Compared to CRISP, RePORTER provides better functionality, including links to various information associated with a grant, such as publications. It is a useful tool, but the limited set of RCDC categories used in searches make it still difficult to extract comprehensive and fine-grained information about funding trends and overlapping goals in the 25 different Institutes at NIH.

On May 2, 2011, RePORTER version 2.4 was released with a link to NIHMaps, a database that promises to provide just such detailed information. It uses two unsupervised machine-learning techniques: topic modeling to discover underlying categories in unstructured text, which are independent of RCDC categories, and a graph-based clustering method that groups grants based on similarity (see Correspondence on p 443; http://nihmaps.org/).

This database aims to address the needs of different user groups, from people involved in funding policy to individual investigators. Its goal is to retrieve grants related by topics, independent of preset categories. It shows, for example, how grants that have certain categories in common are distributed over various NIH Institutes, how closely they are related based on the frequency of category combined occurrence and how funding trends have changed between 2007 and today.

This database will allow researchers to more easily spot grants related to their interests and thus identify potential collaborators, or competitors, even though their grants may be funded by different Institutes. And a comprehensive understanding of which Institute is funding particular topics will help provide ideas of where to target a grant. This information also makes it easier to spot holes in a topic that could be filled with a new grant proposal.

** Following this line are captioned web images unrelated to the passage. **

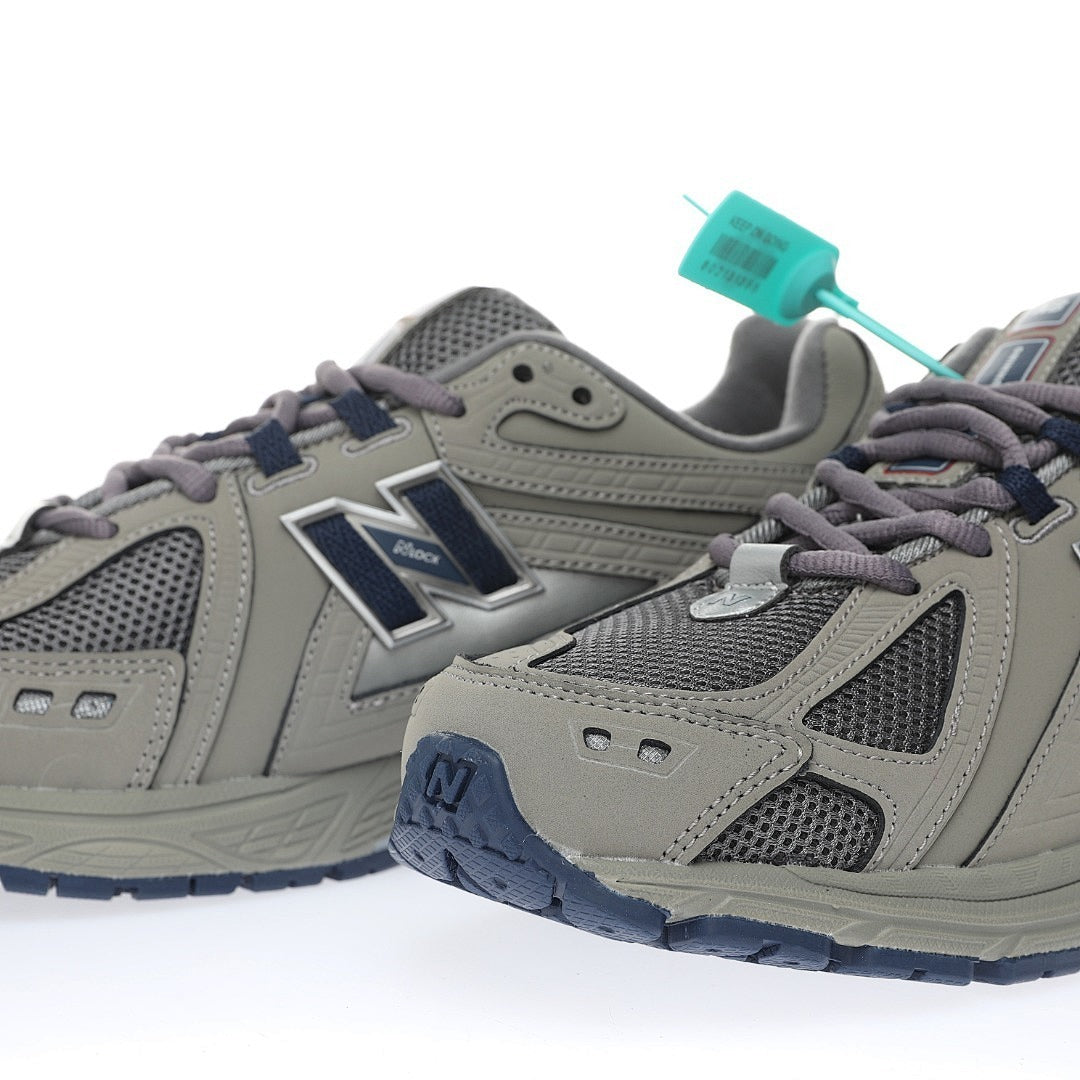 New Balance 1906R Castlerock Silver Metallic M1906RCH Men's Running Shoes Sneakers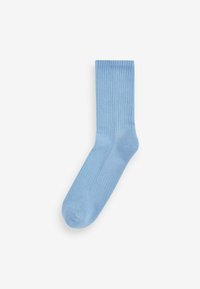 Next 3 PACK - REGULAR FIT - Socken - blue
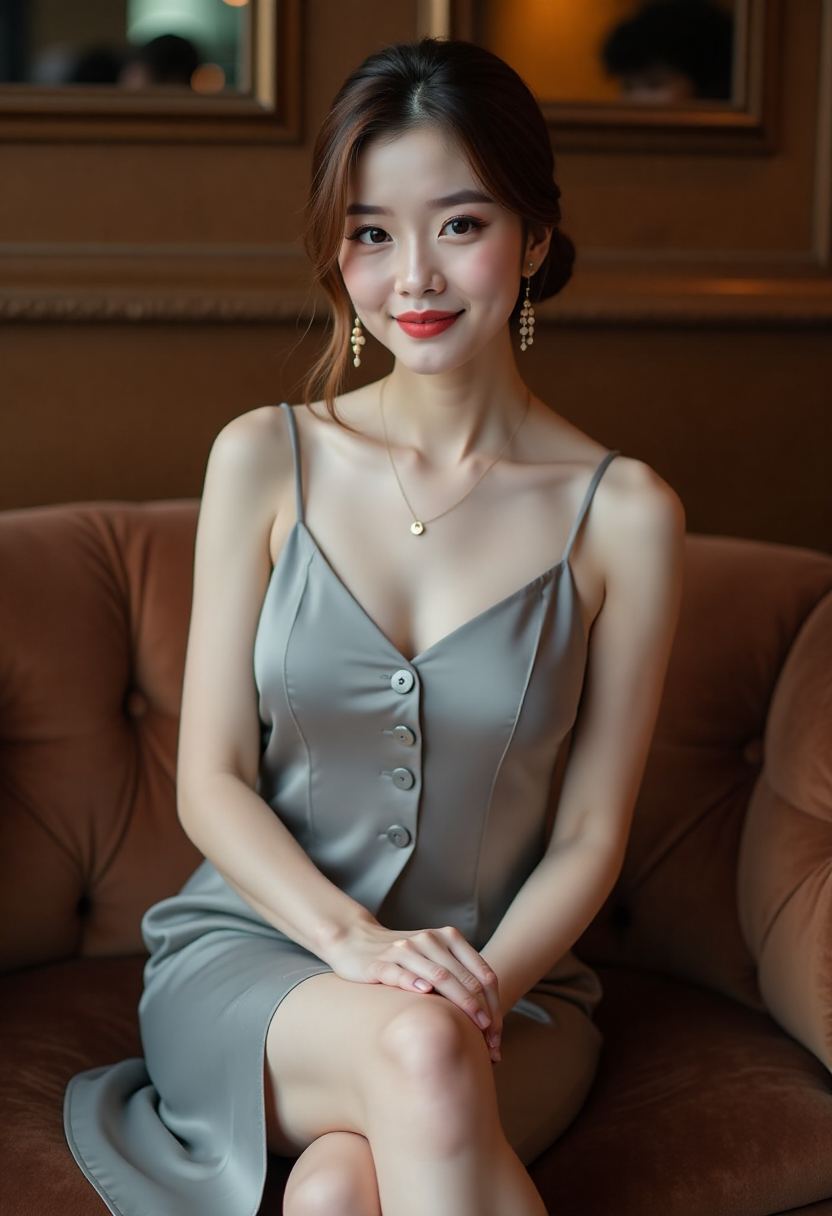 昨夜星辰昨夜风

Of course, these tools should only be helpful guidance to steer investigators to the appropriate place for their original ideas. We are not advocating a 'follow the money' mentality that induces researchers to gear their work toward a currently hot field and discourages unconventional thinking because no category exists for it.

The increased transparency could also be useful for people at the NIH who make funding decisions to ensure that there are no redundancies in grants and to identify areas in need of financial support.

The database is still in its experimental phase, and one can envision improvements, such as changing the currently static maps into dynamic ones that display the change of topics, and funding allocated to them, over time. It would also be intriguing to visualize the topics alongside demographic information, such as established versus new investigator, gender and geographic location.

A goal for the developers of NIHMaps is the incorporation of more funding agencies. A system that allows one to compare funding trends in different countries would be extremely useful to get a better sense of global expenditure of money and to identify topics that are underfunded.

NIHMaps uses only open-source published algorithms, and these could be applied to text-mining efforts by other organizations, such as journals or publication repositories to visualize publication trends over time or topic emphasis in a given journal. This would complement projects such as Map of Science (http://mapofscience.com/), which provides maps of research efforts in certain institutions or in a particular area of research but cannot be interactively queried.

NIHMaps will not have the details to satisfy everybody, but as a first of its kind it is a good start and community input from different users will improve its features. Try it yourself.